Shadrach si sente a disagio quando riflette sul fatto che è lui il cerchio che devono far quadrare. È lui il pollo, il babbione, la vittima, è suo il corpo che alla fine tutto questo macchinario si inghiottirà, e il tono maniacale delle operazioni attuali di Avatar è esclusivamente il risultato della necessità di riconvertire tutto, velocemente, dai parametri-Mangu ai parametri-Shadrach. Probabilmente qui ci sono almeno una decina di persone che conoscono il suo corpo, i ritmi delle sue onde cerebrali, i suoi circuiti neurali e i suoi livelli di serotonina meglio di come li conosca lui stesso. Molto probabilmente, da giorni lo tengono segretamente sotto attento esame. (Ruberanno unghie tagliate? ciocche di capelli?). Shadrach si chiede quanti dei tecnici del laboratorio siano a conoscenza del cambiamento di ospite. Si immagina che lo sappiano tutti, che lo adocchino segretamente affascinati mentre gli passano vicino, correndo avanti e indietro; che lo squadrino, che confrontino lo Shadrach Mordecai concreto e autentico con i grovigli di pulsazioni astratte e sintetiche di simulazione-Mordecai con cui stanno lavorando. Ma forse no. A quanto pare la prima volta erano in pochi, al Progetto Avatar, a sapere che Mangu sarebbe stato il donatore del corpo, e con ogni probabilità l’identità del sostituto di Mangu è stata rivelata a un numero ancora più ridotto di persone.

Nikki, in ogni caso, non pare presa dalla frenesia generale. Chiamata da Eis, saluta Shadrach in modo assolutamente privo di emozioni. Il Progetto, gli dice, sta facendo progressi regolari. Lo sguardo è fermo, la voce centrata e composta. “Progressi”, in questo laboratorio, può solo significare il processo quotidiano del portare Shadrach più vicino alla sua distruzione, e lei è certamente consapevole del fatto che Shadrach attribuirà questo significato alle sue parole; ma pare che abbia deciso di smettere di sentirsi in colpa, o di essere evasiva. Hanno già avuto il loro incontro, i conti sono stati regolati: lei ha ammesso di essere stata disposta a tradire il proprio amante a vantaggio di Gengis Mao; ora la vita continua, duri quanto deve durare, e lei ha un compito da svolgere. Tutto questo passa tra di loro nello spazio di novanta secondi, e niente è comunicato ricorrendo alle parole, bastano il tono della voce e l’espressione degli occhi. Shadrach si sente sollevato. Non gli piace che la gente si senta in colpa a causa sua; lo fa sentire in colpa a sua volta, in qualche modo oscuro.

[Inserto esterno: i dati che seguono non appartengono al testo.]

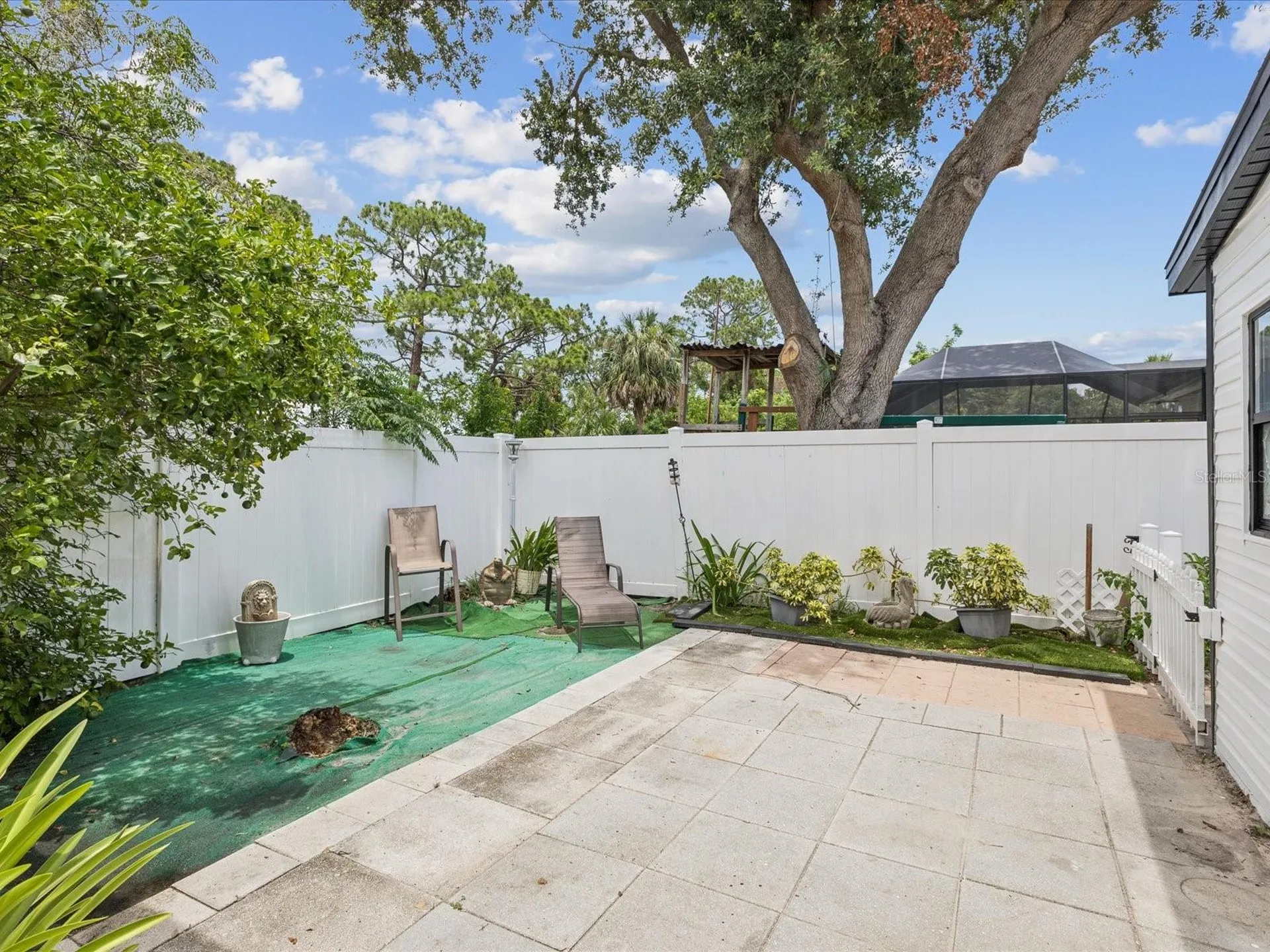 6518 S West Shore Circle Tampa FL 33616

— Dovrei dare un’occhiata ai macchinali — dice.

— Vieni.

Nikki lo porta in un giro guidato. Gli mostra lo zoo degli animali reincarnati, gli ultimi trionfi della trasmigrazione elettronica: questo è un cane con l’anima di un procione, che intinge diligentemente la sua cena in una ciotola d’acqua; questa è un’aquila che nel cranio ospita un costrutto codificato di pavone, che la spinge a marciare orgogliosa, a lisciarsi continuamente le penne col becco, a spalancare le ali; qui hanno insinuato l’essenziale ovinità di una pecora in una giovane leonessa, che se ne sta placidamente sdraiata a masticare foraggio, a probabile danno del suo sistema digestivo. Tutte queste bestie rinate hanno uno sguardo intrappolato, confuso, come se un insaziabile parassita le stesse rodendo dal di dentro, e Shadrach chiede a Nikki se questa sarà anche una caratteristica degli avatar umani, se non c’è il rischio che l’anima sfrattata del donatore rimanga come un miasma a complicare la vita di chi l’ha soppiantata.

— Pensiamo di no — dice Nikki. — Non dimenticare che tutti gli animali che ti ho mostrato hanno sperimentato un trapianto effettuato attraverso linee di specie, anzi attraverso linee di genere. Un pavone non potrà mai trovarsi a suo agio nel corpo di un’aquila, e così una pecora nel corpo di un leone. Alla fine l’animale capisce come far funzionare il suo nuovo corpo, ma tenderà sempre a tornare ai vecchi schemi riflessi.

— E allora perché darvi da fare con dei passaggi transgenerici? Che senso ha, a parte mostrare quanto siete bravi?